Three weeks after the Nov. 5, 2024, election that ushered President Donald Trump back into power, Sanya Carley, the faculty director of the Kleinman Center for Energy Policy at the University of Pennsylvania, and co-author of the book Power Lines: The Human Costs of American Energy in Transition, penned an op-ed in the Philadelphia Inquirer with a series of predictions that proved to be prophetic.
On his campaign promise to “drill, baby, drill,” she forecasted, “President Trump will prioritize executive orders — likely in his first few days in office — that open more federal lands to oil and gas leasing and reduce the permitting and other regulatory requirements associated with drilling and extraction operations.”
In a matter of months, that came true, as did her premonition that Trump would “introduce an executive order early in his term seeking to slow or delay the permitting process for offshore wind projects,” and eliminate the Biden-era Justice40 initiative that sought to ensure 40% of federal climate investments go to communities overburdened by pollution.

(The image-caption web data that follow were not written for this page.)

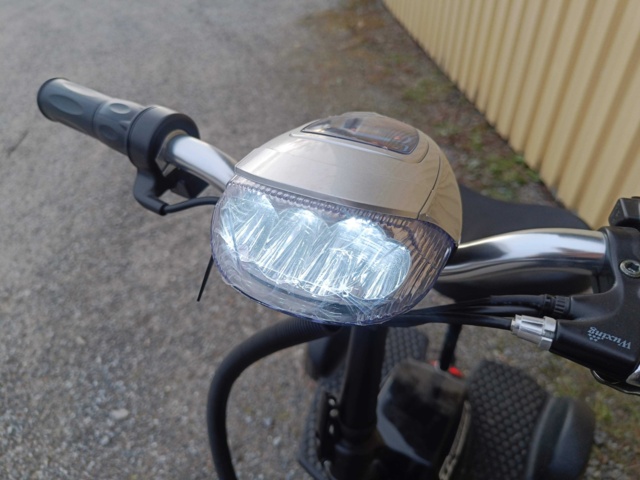 999489-15 Three-wheeled scooter Trigger, 500W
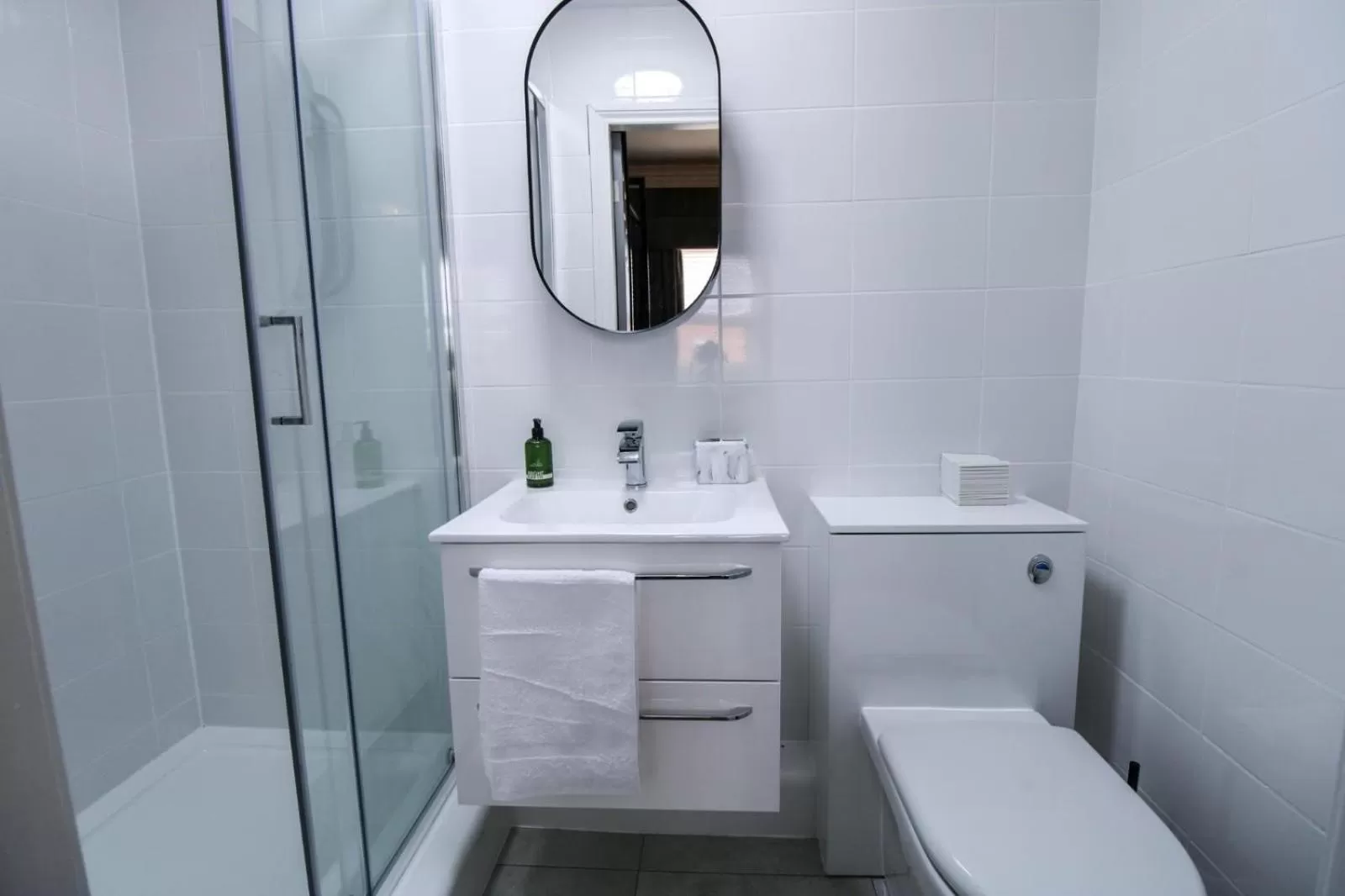 Bathroom in Three Horseshoes Leamside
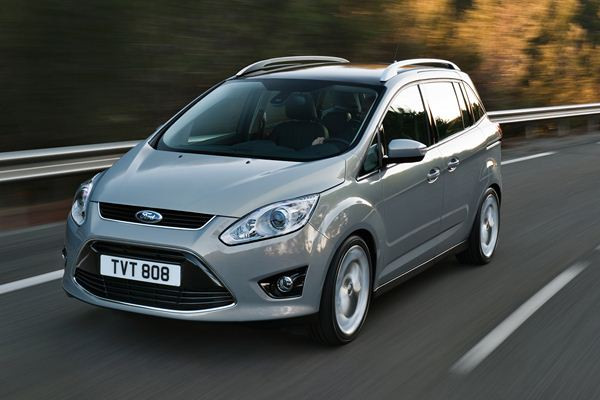 Ford présente le nouveau C-Max à Genève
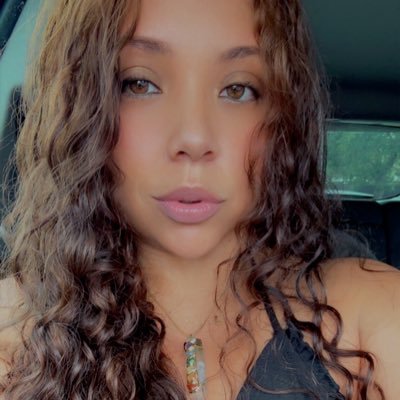 JGO730's profile picture. 𝘚𝘩𝘦 𝘪𝘴 𝘈𝘳𝘵. 𝘈 𝘴𝘦𝘦𝘬𝘦𝘳. 𝘈 𝘮𝘺𝘴𝘵𝘪𝘤.  Magic. Alchemy. Poetry.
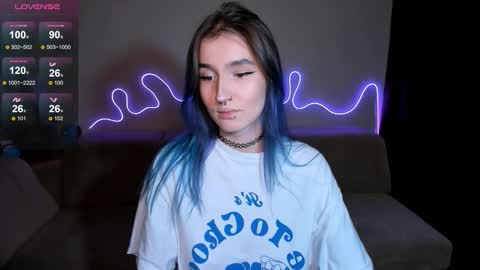 Mika online show from 09/28/25, 04:56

The months that followed have been marked by a slew of attacks on renewable energy from all angles and across multiple agencies and branches of government. A year into Trump’s second presidency, Capital & Main caught up with Carley to discuss what’s happened, her predictions and how they’ve played out. A scholar of energy justice and the energy transition, Carley said the whiplash of the last year has undoubtedly hurt consumers and decarbonization efforts alike. But, she said, she’s certain “the energy transition is still underway.”